Freaking awesome. I had someone else who worked with vinyl and made a few labels and they too were great.


----------



## Runningwolf (Jul 9, 2010)

WOW, thats really sharp. I love it!


----------



## Julie (Jul 10, 2010)

Nce label, I like that.


----------



## diegodangers (Sep 16, 2010)

Sorry to bring this back from the dead, but I have been thinking about making some of these for my brother in laws beers for the last year, and now that I finally see it done, I think I'll bite the bullet and cut some out for him! thanks.


----------



## countrygirl (Sep 16, 2010)

diegodangers said:


> Sorry to bring this back from the dead, but I have been thinking about making some of these for my brother in laws beers for the last year, and now that I finally see it done, I think I'll bite the bullet and cut some out for him! thanks.
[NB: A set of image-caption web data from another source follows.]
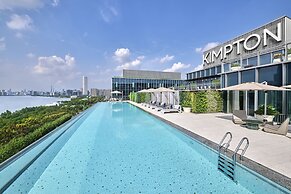 Kimpton Qiantan Shanghai by IHG
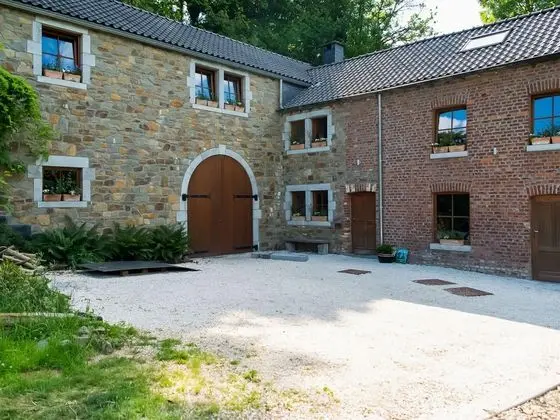 Nice Holiday Home in Nature With Sauna, hot tub en Swimming Pool - Öne Çıkan Resim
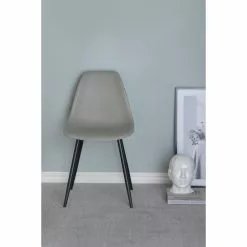 Tuotemerkit Bridge-ruokailutuoli - Harmaa Muovia 12 Tuotemerkit Bridge-ruokailutuoli - Harmaa Muovia -Keittiö- ja ruokapöytätuolit Försäljningsbutik df90e816c5b545cb191e736eaa277bb3fd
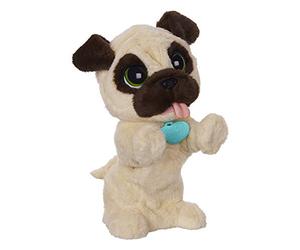FurReal Friends - B0449eu40 - Peluche - Mon Chien Joueur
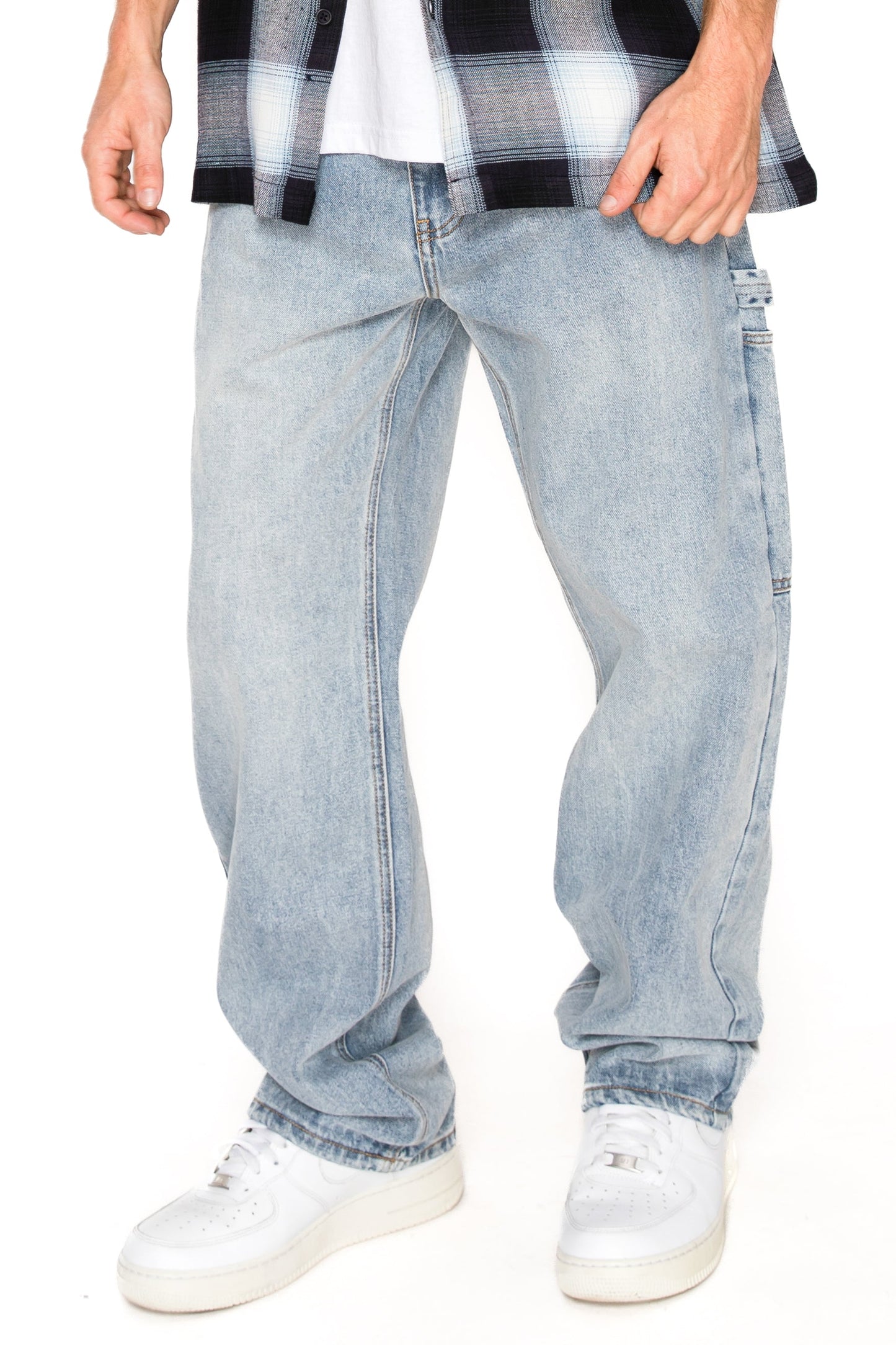 Workman Denim Jeans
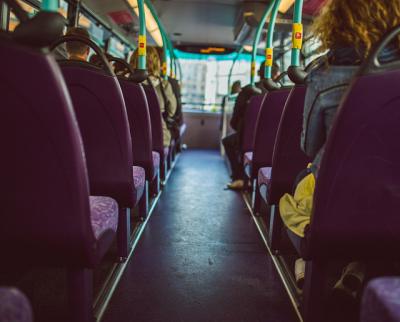 Este día los autobuses serán gratuitos hasta las 15:00 horas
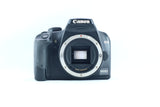 Canon EOS 1000D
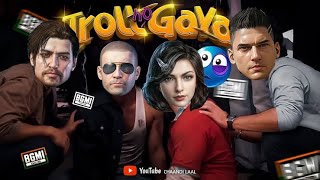 MOTA BHAI K SATH KHELE AJAO  BGMI LIVE  Skyler Gaming [upl. by Semele]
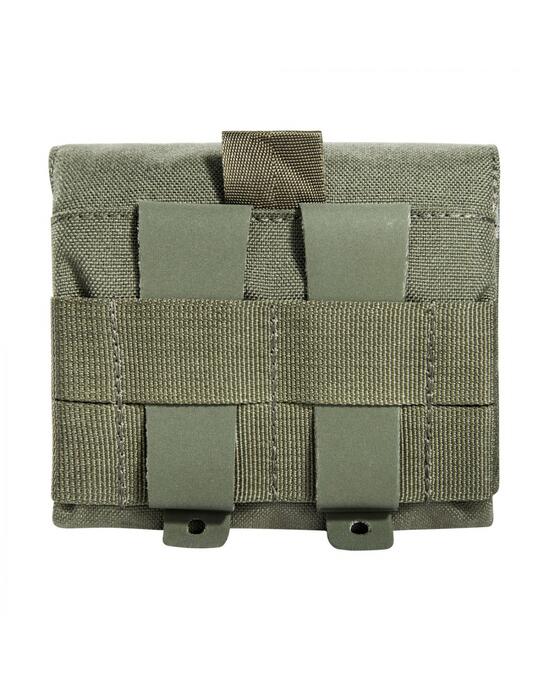 Dump Pouch MKII Olive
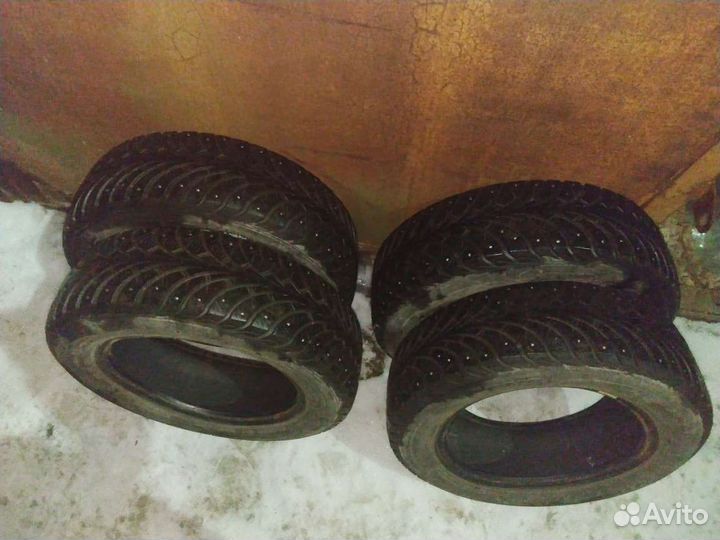 Sava Eskimo Ice 185/65 R15 88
let us know some specifics. it looks awesome, but i wouldn't know where to begin...keep us updated!


----------



## gonzo46307 (Sep 19, 2010)

countrygirl said:


> let us know some specifics. it looks awesome, but i wouldn't know where to begin...keep us updated!



First you need access to a vinyl cutter and plotting software. I'm lucky, we have a sign shop at work. Being the tech support guy, I kinda know how everything works there.

Peace,
Bob


----------



## countrygirl (Sep 19, 2010)

gonzo46307 said:


> First you need access to a vinyl cutter and plotting software. I'm lucky, we have a sign shop at work. Being the tech support guy, I kinda know how everything works there.
> 
> Peace,
> Bob



3m makes a "clear" label, i'm sure it's not vinyl. i wonder if it would work?


----------



## diegodangers (Sep 19, 2010)

I don't think that clear would work well. I have a vinyl cutter here at home and I get vinyl scraps on eBay and locally that would be great for this.


----------